A Quiet giant of modern Architecture.
James Stewart Polshek (b. 11 Feb. 1930 – d. 9 Sept. 2022) Polshek went to Yale in 1950, studied under Louis Kahn and graduated five years later with a Master of Architecture. After graduating, he went to work for I.M. Pei and Ulrich Franzen.
In 1963 he started his own firm, devoting himself to public buildings, ranging from the Rose Center for Earth and Space at the Museum of Natural History in New York to the Clinton Presidential Library in Little Rock, Arkansas.
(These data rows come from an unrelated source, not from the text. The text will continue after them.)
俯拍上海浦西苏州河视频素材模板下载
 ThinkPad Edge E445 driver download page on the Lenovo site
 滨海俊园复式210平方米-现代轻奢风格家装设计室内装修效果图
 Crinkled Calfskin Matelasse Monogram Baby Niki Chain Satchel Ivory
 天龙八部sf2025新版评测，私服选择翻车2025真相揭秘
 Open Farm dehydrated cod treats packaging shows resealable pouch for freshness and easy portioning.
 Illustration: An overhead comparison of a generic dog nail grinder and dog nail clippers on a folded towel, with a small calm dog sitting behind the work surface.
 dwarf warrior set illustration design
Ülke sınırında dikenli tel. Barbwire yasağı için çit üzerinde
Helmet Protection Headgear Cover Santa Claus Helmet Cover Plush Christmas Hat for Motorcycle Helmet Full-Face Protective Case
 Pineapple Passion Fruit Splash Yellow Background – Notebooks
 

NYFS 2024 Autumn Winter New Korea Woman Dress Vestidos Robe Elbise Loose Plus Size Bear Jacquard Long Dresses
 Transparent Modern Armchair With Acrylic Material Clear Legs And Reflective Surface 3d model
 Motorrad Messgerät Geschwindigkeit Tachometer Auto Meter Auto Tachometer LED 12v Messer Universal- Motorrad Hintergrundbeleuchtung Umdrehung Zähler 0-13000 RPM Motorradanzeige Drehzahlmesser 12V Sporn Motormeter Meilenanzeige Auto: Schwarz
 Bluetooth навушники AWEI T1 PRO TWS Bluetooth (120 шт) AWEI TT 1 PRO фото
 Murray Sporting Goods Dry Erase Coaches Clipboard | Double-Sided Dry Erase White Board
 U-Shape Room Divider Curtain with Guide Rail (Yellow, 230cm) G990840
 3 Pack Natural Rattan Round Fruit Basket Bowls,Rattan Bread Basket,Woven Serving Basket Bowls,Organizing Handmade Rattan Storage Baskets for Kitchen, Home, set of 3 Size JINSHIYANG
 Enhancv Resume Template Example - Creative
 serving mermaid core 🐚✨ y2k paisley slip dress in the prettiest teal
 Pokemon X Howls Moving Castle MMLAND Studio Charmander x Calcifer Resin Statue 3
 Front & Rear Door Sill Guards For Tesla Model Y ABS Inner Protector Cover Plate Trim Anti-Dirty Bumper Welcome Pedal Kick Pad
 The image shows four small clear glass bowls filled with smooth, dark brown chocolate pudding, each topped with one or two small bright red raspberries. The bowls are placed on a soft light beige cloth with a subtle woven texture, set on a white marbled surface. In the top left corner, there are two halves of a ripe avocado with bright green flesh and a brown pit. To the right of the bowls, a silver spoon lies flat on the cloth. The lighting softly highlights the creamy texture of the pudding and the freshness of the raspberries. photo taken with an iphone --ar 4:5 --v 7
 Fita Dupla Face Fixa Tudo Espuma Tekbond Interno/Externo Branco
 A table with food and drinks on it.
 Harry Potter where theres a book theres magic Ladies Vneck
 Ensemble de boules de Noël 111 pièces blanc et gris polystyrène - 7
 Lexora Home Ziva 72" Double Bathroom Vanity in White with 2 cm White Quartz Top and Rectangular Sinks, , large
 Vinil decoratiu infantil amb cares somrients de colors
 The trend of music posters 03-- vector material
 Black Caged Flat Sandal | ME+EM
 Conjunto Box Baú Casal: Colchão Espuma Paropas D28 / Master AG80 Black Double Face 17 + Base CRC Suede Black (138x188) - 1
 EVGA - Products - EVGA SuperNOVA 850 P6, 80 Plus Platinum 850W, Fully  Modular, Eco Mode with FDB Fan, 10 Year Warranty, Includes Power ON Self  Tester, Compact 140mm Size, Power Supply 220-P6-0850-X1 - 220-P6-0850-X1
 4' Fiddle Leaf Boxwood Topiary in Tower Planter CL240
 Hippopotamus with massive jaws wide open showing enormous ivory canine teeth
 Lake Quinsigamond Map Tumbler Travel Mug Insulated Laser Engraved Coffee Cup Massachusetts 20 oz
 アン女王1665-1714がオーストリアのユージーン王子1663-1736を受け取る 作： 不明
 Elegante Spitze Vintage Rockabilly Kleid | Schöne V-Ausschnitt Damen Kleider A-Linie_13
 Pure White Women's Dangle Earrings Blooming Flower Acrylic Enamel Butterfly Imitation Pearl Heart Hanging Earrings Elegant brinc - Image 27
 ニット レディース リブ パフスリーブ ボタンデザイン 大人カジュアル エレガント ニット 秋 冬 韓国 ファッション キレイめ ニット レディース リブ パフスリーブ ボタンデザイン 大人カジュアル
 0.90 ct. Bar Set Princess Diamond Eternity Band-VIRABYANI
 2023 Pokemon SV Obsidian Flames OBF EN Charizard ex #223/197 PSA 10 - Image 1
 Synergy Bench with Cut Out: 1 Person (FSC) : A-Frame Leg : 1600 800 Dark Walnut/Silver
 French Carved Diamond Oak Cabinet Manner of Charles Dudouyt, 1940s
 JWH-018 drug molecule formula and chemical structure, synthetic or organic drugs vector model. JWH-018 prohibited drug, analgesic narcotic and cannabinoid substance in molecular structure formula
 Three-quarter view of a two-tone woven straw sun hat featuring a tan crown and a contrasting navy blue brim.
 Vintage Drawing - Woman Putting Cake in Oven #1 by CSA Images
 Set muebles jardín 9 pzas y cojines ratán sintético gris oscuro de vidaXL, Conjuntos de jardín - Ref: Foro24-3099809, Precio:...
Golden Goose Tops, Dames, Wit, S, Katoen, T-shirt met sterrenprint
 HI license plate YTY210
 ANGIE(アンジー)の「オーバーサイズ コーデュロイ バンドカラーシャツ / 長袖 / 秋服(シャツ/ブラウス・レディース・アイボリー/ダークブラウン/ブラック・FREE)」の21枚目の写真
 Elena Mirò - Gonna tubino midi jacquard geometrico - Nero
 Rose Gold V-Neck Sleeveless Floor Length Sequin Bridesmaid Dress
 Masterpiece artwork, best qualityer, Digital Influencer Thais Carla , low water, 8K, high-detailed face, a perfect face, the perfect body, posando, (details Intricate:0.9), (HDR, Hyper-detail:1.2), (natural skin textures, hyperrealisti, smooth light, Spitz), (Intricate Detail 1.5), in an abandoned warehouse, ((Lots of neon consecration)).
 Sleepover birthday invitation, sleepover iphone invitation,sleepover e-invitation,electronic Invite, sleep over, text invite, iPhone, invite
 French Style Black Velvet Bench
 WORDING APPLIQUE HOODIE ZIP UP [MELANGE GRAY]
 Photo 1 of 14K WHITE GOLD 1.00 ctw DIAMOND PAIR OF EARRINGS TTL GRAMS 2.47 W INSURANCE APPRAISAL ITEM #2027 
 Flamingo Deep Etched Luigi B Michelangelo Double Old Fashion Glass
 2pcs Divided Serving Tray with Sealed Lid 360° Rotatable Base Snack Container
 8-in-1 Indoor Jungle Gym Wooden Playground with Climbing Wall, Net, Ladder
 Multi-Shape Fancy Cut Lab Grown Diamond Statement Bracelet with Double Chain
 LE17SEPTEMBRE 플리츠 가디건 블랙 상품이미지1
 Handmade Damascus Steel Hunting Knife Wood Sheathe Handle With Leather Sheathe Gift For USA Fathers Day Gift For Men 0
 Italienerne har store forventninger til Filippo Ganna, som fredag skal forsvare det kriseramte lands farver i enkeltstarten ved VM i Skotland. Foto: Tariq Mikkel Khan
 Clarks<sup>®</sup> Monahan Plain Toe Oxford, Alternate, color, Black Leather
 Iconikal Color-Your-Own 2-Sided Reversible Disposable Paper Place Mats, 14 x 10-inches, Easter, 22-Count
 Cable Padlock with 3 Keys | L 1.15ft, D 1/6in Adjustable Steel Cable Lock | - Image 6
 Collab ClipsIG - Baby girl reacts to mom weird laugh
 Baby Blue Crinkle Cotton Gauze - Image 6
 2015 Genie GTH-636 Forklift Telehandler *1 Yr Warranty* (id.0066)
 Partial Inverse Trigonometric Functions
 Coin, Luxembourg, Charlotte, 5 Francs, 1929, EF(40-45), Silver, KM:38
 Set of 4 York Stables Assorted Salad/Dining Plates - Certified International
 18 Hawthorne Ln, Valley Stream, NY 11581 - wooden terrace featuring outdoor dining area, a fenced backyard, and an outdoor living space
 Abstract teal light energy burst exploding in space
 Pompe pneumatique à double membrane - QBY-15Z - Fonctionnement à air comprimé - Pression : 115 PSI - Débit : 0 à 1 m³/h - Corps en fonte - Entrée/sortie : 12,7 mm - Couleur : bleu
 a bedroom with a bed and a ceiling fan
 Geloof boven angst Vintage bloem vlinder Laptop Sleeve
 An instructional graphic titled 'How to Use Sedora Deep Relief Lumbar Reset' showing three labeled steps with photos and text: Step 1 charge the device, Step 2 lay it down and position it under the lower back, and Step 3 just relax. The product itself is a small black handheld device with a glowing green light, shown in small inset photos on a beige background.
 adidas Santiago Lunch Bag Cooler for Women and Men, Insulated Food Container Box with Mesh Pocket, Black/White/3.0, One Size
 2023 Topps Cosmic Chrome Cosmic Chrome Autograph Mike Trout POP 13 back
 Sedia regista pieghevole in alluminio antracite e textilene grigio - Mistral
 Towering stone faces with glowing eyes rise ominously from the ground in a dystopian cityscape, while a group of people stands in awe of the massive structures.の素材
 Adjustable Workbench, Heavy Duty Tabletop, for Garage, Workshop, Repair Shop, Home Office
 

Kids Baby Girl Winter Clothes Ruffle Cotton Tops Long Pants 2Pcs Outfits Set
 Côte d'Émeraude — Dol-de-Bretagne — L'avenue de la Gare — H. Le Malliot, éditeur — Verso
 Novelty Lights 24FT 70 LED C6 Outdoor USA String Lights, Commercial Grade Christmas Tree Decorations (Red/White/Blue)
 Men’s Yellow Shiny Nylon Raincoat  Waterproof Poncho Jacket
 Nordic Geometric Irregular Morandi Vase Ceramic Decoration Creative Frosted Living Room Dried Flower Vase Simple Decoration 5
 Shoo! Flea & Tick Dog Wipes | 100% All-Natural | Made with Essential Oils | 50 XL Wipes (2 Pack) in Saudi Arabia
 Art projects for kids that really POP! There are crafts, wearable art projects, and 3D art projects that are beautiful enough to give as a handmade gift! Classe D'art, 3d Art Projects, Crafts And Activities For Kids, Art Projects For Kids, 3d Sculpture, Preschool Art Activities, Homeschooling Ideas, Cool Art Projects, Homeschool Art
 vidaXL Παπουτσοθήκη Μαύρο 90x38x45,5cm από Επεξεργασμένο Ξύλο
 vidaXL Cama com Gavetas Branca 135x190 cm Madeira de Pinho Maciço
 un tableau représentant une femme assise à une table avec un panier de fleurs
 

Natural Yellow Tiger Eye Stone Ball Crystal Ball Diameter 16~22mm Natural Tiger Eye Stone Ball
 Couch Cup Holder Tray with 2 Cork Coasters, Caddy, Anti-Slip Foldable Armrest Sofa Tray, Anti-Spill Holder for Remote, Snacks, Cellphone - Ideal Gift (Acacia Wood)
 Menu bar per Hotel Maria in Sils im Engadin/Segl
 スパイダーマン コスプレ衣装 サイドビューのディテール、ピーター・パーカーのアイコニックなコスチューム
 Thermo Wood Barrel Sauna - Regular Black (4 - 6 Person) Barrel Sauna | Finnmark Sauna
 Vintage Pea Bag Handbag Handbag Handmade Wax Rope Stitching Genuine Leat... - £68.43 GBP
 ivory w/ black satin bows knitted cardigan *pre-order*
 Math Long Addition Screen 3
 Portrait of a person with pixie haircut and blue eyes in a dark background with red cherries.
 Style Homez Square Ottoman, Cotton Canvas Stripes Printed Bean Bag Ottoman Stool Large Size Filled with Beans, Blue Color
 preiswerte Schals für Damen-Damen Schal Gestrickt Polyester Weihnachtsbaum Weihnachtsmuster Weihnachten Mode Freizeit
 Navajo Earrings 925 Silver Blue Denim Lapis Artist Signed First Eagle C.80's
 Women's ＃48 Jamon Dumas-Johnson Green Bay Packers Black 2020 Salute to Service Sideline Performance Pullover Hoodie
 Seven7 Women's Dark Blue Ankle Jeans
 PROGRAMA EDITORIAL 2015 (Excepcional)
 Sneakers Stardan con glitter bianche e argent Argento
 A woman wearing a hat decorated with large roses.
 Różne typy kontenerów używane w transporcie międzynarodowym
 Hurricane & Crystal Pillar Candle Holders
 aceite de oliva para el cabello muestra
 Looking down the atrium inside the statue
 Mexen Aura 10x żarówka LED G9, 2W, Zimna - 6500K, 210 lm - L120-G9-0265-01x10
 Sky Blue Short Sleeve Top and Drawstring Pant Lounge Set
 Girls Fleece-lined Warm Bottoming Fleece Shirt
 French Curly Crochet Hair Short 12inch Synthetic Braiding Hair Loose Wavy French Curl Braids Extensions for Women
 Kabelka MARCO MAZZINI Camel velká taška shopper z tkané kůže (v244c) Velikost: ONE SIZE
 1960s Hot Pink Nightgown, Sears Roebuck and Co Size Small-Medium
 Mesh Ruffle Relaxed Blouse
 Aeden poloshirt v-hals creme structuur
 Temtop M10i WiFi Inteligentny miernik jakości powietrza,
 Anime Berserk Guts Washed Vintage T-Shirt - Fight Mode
A contemporary of Richard Meier and Frank Gehry, Polshek is rarely mentioned in the same breath as these global ‘starchitects.’” Yet , unlike his high-profile peers, Polshek was willing to adapt to the needs of an unusual range of clients. And if his work never quite hit the aesthetic highs of some of his contemporaries, it also avoided their tendency to produce franchise-like variations on familiar themes.
Polshek avoided specialization. While completing the Clinton Library (2004) he began working on the Newtown Creek sewage treatment plant in Brooklyn (2014). The library hovers like a bridge next to the Arkansas River, while the sewage treatment plant drops towering, reflective silver “eggs,” as beautiful as onion domes, into a low-rise neighborhood.
The Rose Center (2000) wraps the sphere of a planetarium inside a brilliant glass cube. He could also create excitement on a modest budget: working with industrial materials, he gave the New York Times printing plant in Queens (2001) panache with bright colors, over-scaled windows and supergraphics.